• [WHAT THIS TASK INVOLVES] The exercise calls for exact output of the lines between the one that contains "Hotel im Fachwerkhof" and the end of the data, with both ends kept and pictures left out.
══════════════════════════════
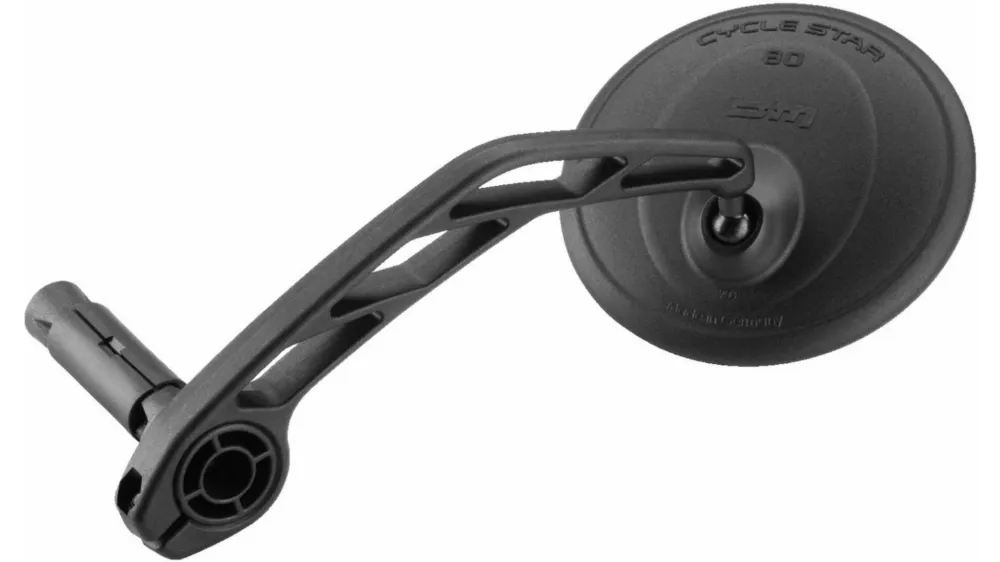 Top-Preis Busch & Müller Spiegel Cycle Star 80 903/6A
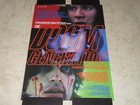 The Doom Generation  2023 Re-release  27x40 Limited Movie Theater Poster  rare 
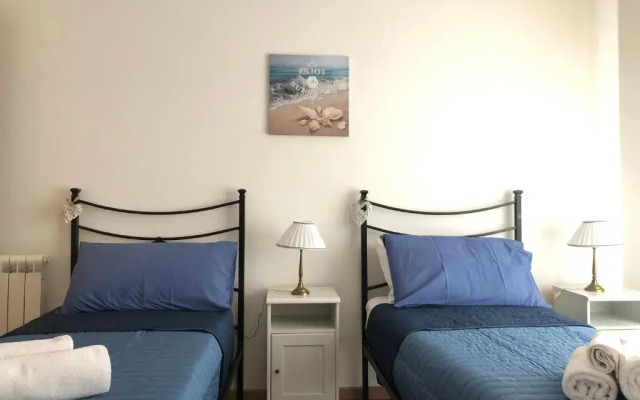 Tula 4 - Appartamento vista mare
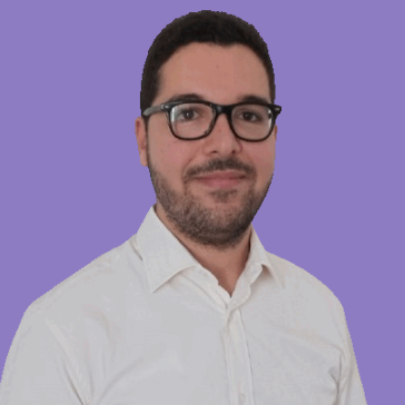 Baha Eddine Ouri - Project Manager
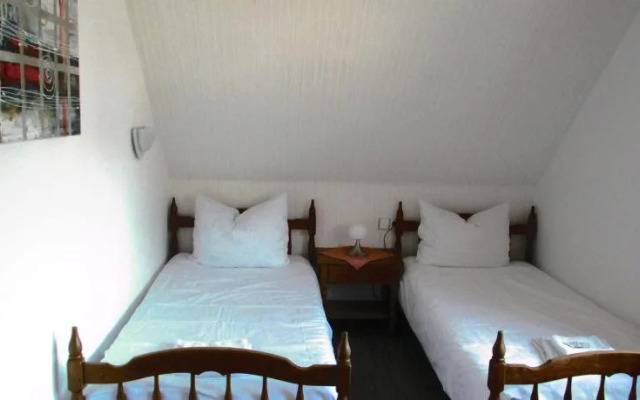 Hotel im Fachwerkhof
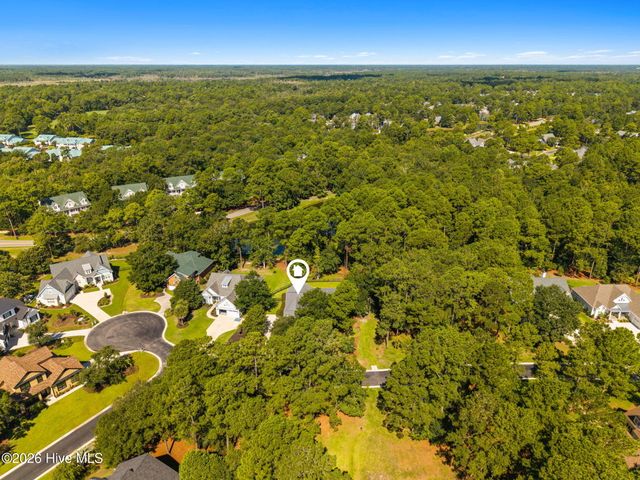 461 Springwood Drive SE, Bolivia, NC 28422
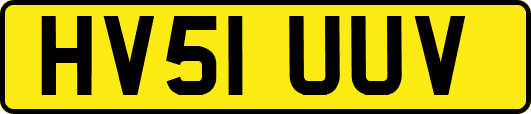 HV51UUV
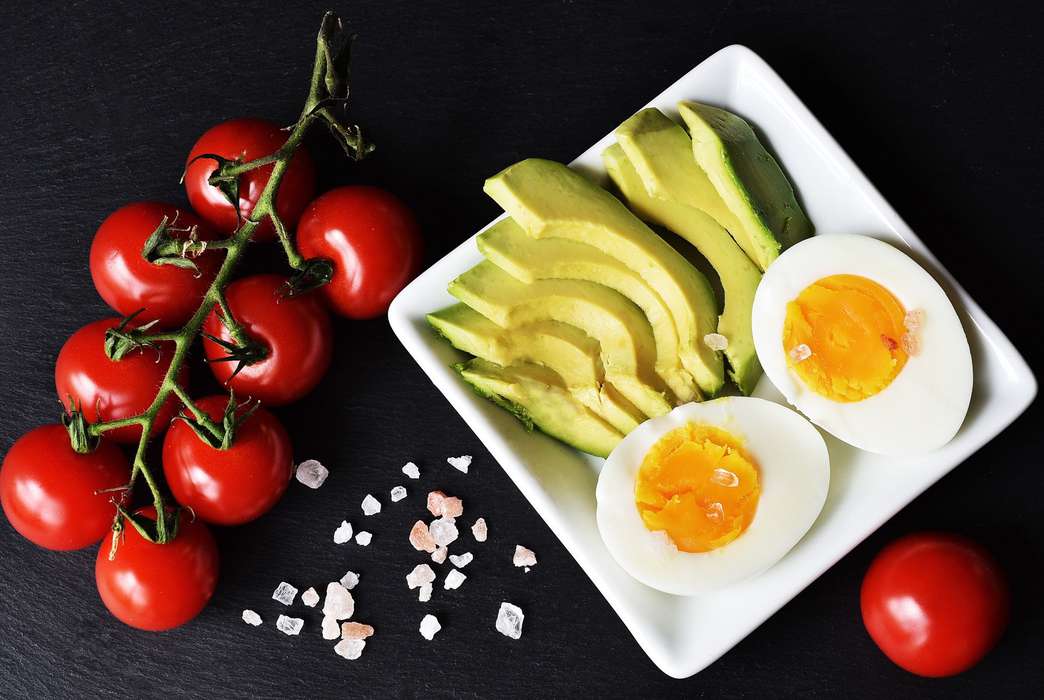 Keto diets may have benefits beyond the waistline. (Pixabay/Zuzyusa)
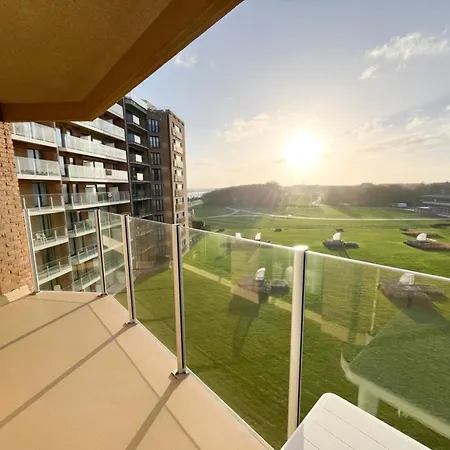 Apartamento In Near The Coast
══════════════════════════════
• [EXPECTED ANSWER]
 Hotel im Fachwerkhof
 461 Springwood Drive SE, Bolivia, NC 28422
 HV51UUV
 Keto diets may have benefits beyond the waistline. (Pixabay/Zuzyusa)
 Apartamento In Near The Coast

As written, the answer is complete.